#### EXERCISE GOAL:
Retype all of the data word for word, without pictures.

··· MATERIALS PROVIDED ···

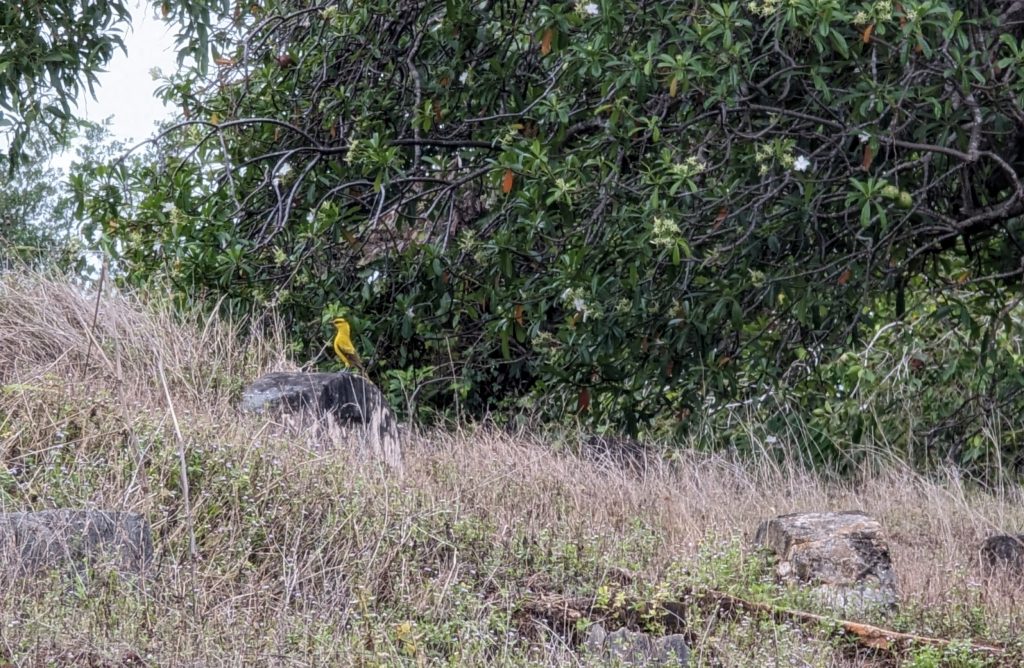 The Chinese Golden Oriole on a Chinese grave - Bukit China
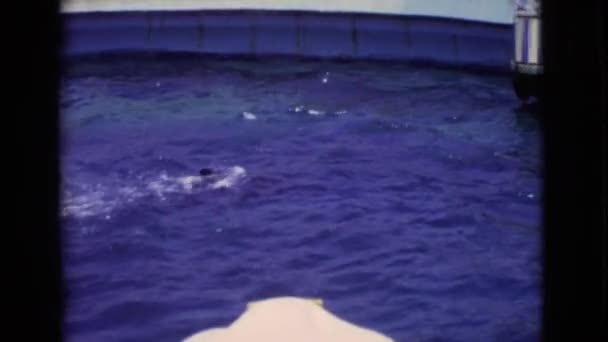 Delfines nadando en la piscina — Vídeos de Stock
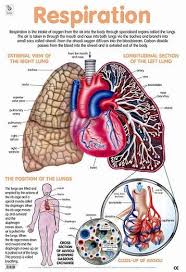 Respiration Cardiovascularactivities Respiratory System Respiratory Care Respiratory System Anatomy
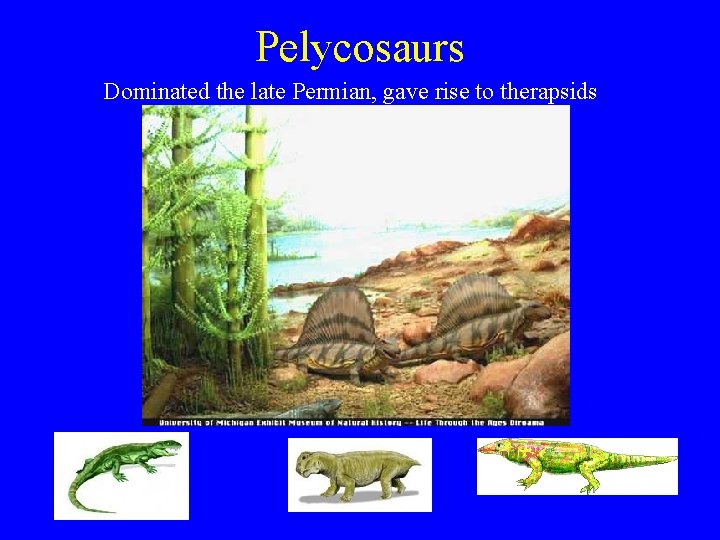 Pelycosaurs Dominated the late Permian, gave rise to therapsids 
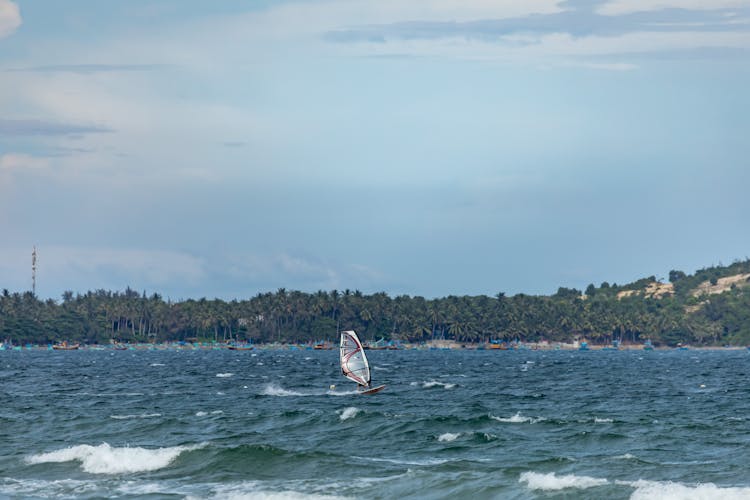 Person Windsurfing On Sea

···

#### RESULT FOR THIS TASK:
 The Chinese Golden Oriole on a Chinese grave - Bukit China
 Delfines nadando en la piscina — Vídeos de Stock
 Respiration Cardiovascularactivities Respiratory System Respiratory Care Respiratory System Anatomy
 Pelycosaurs Dominated the late Permian, gave rise to therapsids 
 Person Windsurfing On Sea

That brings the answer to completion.